Corruption

There has been much talk in recent weeks of the presence of corruption in British politics. The Prime Minister and members of the Cabinet appear to be relaxed about accepting gifts from wealthy donors. Keir Starmar is said to have accepted £76,000 worth of gifts since 2019 including £16,200 of work clothing from the Labour peer Waheed Alli, as well as corporate hospitality at Arsenal and Taylor Swift concert tickets. (For an in-depth assessment see Peter Geoghegan, 'Labour and the Lobbyists', London Review of Books, 15 August 2024, pp. 10-12).

Image of the Prime Minister’s official residence at 10 Downing Street, taken from Wikimedia Commons.

Of course, such gifts are nothing new, and the perks Labour ministers have accepted pale into insignificance alongside Boris Johnson's Caribbean holiday on the island of Mustique, courtesy of the co-founder of Carphone Warehouse David Ross, and the refurbishment of his Downing Street flat that was paid for by Lord Brownlow. The idea that being in government brings perks way beyond the imagination of most working people seems to be widely accepted, at least among politicians themselves.

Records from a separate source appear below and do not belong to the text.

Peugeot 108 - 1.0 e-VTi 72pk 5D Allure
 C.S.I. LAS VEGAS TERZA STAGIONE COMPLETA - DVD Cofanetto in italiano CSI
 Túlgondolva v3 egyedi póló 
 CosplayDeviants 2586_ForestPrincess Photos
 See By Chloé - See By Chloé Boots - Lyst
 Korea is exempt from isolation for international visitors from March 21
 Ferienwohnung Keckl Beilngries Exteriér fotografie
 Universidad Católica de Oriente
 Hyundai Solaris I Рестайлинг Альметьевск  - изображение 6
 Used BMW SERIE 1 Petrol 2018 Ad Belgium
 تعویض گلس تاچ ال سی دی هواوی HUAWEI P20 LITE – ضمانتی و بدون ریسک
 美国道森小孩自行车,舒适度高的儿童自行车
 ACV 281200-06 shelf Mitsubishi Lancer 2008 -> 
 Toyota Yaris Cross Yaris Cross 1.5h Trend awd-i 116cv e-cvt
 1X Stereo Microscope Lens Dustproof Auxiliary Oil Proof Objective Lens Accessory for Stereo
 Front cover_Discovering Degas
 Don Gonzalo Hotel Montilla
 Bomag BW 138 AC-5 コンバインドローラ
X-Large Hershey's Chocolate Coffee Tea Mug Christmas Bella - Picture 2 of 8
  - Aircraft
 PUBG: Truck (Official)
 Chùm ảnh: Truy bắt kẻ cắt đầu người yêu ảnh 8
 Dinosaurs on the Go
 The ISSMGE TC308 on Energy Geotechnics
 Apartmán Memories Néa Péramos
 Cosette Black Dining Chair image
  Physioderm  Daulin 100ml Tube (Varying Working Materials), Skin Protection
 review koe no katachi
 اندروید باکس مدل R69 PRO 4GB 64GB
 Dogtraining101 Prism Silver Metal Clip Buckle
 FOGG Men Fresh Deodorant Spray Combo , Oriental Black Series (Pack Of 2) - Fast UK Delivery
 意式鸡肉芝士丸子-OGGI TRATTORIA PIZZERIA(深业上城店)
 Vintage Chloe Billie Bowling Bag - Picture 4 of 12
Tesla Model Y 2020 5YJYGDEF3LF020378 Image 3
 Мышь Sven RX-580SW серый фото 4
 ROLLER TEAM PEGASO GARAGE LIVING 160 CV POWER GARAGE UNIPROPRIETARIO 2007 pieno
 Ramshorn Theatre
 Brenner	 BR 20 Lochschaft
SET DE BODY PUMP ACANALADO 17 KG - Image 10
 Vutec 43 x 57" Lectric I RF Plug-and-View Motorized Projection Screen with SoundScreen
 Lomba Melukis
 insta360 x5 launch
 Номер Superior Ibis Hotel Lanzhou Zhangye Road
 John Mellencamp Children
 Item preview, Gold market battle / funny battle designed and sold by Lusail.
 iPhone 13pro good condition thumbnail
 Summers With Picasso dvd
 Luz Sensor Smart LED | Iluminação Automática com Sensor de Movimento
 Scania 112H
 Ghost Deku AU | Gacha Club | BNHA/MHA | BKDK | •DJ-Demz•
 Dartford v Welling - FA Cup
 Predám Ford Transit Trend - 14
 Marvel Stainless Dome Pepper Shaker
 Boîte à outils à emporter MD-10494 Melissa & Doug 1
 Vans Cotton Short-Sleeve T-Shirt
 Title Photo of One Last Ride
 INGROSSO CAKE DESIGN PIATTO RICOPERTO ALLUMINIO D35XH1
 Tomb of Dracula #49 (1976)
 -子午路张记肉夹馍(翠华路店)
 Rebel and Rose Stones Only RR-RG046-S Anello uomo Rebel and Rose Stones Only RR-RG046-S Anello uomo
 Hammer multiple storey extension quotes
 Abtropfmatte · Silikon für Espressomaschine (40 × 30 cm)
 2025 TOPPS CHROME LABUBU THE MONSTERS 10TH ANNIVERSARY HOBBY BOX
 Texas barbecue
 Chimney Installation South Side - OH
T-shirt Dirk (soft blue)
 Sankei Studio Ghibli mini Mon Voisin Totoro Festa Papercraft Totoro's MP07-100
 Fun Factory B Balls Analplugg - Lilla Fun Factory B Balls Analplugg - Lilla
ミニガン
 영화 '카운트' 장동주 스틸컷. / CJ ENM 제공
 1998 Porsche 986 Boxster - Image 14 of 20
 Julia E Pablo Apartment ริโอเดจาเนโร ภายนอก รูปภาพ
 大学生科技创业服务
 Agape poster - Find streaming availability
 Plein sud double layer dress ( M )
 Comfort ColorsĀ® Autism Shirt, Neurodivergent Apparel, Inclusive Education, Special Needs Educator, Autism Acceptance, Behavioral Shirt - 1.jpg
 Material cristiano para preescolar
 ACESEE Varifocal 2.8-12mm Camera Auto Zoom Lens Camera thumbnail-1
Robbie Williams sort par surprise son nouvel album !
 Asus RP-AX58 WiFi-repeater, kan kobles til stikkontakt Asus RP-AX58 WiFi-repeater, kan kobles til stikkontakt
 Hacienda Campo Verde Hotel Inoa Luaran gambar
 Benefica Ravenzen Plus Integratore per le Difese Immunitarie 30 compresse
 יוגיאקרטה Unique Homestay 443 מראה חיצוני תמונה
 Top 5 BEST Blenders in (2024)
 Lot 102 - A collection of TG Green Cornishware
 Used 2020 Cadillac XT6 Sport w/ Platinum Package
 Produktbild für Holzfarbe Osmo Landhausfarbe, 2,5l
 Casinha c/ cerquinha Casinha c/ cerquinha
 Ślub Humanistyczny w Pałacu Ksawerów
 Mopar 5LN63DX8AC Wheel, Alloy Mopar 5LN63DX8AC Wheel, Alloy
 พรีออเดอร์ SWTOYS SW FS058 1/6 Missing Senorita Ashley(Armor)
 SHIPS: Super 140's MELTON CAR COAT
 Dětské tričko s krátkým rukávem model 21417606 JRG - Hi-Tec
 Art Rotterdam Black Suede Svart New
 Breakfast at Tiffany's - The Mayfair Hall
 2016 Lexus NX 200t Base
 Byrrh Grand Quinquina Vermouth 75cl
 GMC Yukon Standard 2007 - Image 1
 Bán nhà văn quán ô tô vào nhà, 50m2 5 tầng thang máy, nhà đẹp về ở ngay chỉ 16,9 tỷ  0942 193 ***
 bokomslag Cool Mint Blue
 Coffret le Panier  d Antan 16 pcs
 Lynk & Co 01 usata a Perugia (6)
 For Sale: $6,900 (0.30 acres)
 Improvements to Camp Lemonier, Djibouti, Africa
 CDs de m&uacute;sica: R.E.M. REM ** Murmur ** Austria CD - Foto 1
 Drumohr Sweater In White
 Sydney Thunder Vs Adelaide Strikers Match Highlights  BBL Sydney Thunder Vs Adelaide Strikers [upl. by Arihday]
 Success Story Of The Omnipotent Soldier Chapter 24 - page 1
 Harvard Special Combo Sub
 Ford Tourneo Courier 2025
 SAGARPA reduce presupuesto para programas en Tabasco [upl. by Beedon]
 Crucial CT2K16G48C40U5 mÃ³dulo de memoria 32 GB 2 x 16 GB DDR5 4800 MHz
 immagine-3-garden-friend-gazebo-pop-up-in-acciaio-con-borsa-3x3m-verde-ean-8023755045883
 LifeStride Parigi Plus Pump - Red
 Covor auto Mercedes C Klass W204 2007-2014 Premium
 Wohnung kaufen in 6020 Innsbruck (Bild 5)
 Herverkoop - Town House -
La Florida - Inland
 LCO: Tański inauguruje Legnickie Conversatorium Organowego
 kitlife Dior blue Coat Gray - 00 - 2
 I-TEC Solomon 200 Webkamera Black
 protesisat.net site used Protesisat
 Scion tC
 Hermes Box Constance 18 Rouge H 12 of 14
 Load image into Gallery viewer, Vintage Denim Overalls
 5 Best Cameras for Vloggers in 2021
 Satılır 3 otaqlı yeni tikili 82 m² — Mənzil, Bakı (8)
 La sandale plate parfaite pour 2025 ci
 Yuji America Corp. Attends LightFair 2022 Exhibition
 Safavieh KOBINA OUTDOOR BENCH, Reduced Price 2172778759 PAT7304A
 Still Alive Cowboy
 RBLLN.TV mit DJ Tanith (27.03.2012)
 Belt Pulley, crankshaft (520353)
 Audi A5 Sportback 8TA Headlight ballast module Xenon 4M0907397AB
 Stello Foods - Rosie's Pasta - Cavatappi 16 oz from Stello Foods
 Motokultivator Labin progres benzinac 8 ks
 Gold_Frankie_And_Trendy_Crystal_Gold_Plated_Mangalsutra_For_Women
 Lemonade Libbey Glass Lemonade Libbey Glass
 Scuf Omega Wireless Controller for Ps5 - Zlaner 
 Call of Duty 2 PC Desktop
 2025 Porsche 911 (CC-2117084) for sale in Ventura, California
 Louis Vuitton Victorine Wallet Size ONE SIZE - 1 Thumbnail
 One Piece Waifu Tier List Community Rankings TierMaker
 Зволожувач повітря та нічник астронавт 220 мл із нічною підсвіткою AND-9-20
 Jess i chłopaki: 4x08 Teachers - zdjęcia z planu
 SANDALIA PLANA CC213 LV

However, there is an issue about the gap that this creates between the Government and those it governs and represents. Another concern is the fact that the gift-givers might expect something in return - such as a blue light escort through the capital or favourable deals and contracts.

Corruption is not a new problem in Britain. As long ago as 1701, a pamphlet was published entitled: The Corruption and Impiety of the Common Members of the Late House of Commons. Its author claimed that the government had fallen into decay and observed that even those candidates who before being elected had insisted that they would be 'True-Representatives of the People' - once in office 'have done nothing worthy of the Name of Englishmen' (The Corruption and Impiety of the Common Members of the Late House of Commons. London, 1701).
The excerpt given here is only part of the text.